Actually, output is correct only from time to time, so the threshold must be selected depending on which is more important.

Despite a part of mislabeled data, distillation still adds diversity to the dataset and even extend it with the quality data.

Model architecture

The main idea was to train a multi-head model with a light and fast encoder. In the first approach, we decided to try EfficientNet B0-B1( github) for this purpose, but then switched to the MobileNet v3( github) architecture.

The whole point of MobileNet is to run on mobile, so it is faster and lighter even than EfficientNet. The only catch is a slight loss of accuracy, but in real-life tasks, it fades into the background. MobileNet is really fast, even on the CPU.

EfficientNet B1 and MobileNet v3 performance on val.

Decoder heads include:

  • NSFW/SFW classification head;
  • Classification by custom categories: nudes or children in swimsuits, for example;
  • Text classification head;
  • Head for semantic segmentation of text.

In general, a multi-head is better than several separate models, because it regularizes and improves performance for all tasks. As a bonus, the inference is faster.

So the last semseg head was added for a reason, although it does not participate in inference. It plays the role of a regularizer for the related text classifier head. By the way, semseg-like was used even in the EAST paper as was mentioned at the channel.
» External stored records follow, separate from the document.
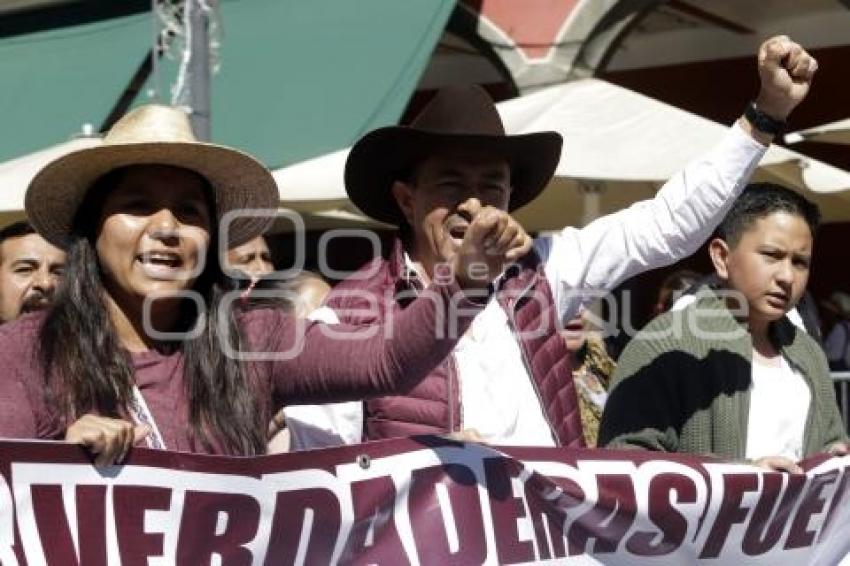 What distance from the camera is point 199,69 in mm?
8164

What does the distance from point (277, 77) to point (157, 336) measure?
911 centimetres

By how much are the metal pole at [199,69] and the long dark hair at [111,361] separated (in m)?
4.56

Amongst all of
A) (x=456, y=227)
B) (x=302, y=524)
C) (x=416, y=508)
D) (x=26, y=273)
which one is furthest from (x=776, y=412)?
(x=26, y=273)

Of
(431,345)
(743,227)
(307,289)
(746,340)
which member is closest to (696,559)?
(746,340)

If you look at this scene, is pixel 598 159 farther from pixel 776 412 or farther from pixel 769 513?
pixel 769 513

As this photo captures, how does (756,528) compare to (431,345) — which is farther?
(756,528)

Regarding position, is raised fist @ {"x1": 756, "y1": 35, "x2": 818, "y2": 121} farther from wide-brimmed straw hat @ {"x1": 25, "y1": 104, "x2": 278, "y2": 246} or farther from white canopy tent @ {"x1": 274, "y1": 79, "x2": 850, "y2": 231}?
white canopy tent @ {"x1": 274, "y1": 79, "x2": 850, "y2": 231}

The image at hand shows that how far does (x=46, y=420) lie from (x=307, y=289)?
11.4 ft

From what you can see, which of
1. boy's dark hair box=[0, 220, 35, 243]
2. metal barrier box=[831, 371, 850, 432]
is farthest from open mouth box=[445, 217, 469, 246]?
metal barrier box=[831, 371, 850, 432]

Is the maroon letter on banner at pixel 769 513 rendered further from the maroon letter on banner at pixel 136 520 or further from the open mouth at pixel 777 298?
the maroon letter on banner at pixel 136 520

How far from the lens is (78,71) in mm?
13195

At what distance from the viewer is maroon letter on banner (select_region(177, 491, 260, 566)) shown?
319 cm

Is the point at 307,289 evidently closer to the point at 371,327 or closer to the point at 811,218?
the point at 811,218

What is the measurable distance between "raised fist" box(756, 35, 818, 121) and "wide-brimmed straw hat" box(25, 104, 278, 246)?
3.75ft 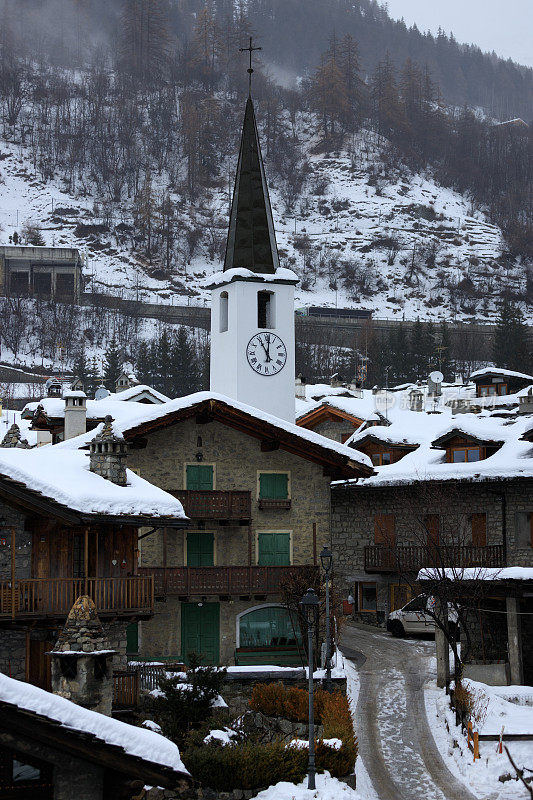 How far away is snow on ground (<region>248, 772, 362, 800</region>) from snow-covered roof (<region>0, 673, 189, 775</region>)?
1098 centimetres

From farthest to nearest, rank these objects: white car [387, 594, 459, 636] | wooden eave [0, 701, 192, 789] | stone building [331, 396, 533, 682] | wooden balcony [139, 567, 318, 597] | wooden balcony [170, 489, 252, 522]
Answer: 1. stone building [331, 396, 533, 682]
2. white car [387, 594, 459, 636]
3. wooden balcony [170, 489, 252, 522]
4. wooden balcony [139, 567, 318, 597]
5. wooden eave [0, 701, 192, 789]

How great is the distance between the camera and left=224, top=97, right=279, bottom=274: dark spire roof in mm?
54906

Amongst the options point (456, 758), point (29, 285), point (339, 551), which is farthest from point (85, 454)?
point (29, 285)

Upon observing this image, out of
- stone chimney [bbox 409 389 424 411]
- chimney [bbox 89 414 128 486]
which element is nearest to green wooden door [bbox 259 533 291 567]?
chimney [bbox 89 414 128 486]

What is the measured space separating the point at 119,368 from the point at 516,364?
121 feet

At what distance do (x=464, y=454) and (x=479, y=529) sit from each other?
308cm

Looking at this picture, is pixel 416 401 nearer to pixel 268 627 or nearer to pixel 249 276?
pixel 249 276

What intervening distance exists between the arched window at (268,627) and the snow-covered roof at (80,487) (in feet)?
23.3

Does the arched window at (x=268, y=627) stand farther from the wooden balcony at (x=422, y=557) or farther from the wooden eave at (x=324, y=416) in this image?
the wooden eave at (x=324, y=416)

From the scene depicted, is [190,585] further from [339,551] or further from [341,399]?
[341,399]

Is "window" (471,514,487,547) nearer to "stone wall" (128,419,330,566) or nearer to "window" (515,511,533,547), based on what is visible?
"window" (515,511,533,547)

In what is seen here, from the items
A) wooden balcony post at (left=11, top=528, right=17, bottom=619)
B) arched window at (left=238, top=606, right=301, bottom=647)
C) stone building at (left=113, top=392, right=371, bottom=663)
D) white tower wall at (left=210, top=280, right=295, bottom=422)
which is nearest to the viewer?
wooden balcony post at (left=11, top=528, right=17, bottom=619)

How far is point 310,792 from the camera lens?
22.7 m

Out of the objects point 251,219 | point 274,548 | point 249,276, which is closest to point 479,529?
point 274,548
Suddenly, semseg can be well trained even on the bounding boxes as polygons.

As a result, CPU inference of the trained model on the images resized to

  • 224x224 — ~50ms
  • 384x384 — ~80ms i.e. 3–5 times faster than ready implementations. Also, semseg head adds ~50–100 ms to inference depending on the size of the image.

Recipe

  • Public datasets + Google images + Distillation;
  • Light and fast encoder — MobileNet v3 — pretrained on ImageNet;
  • Multi-head classifier + Semseg head;
  • Simple service on Flask + Docker.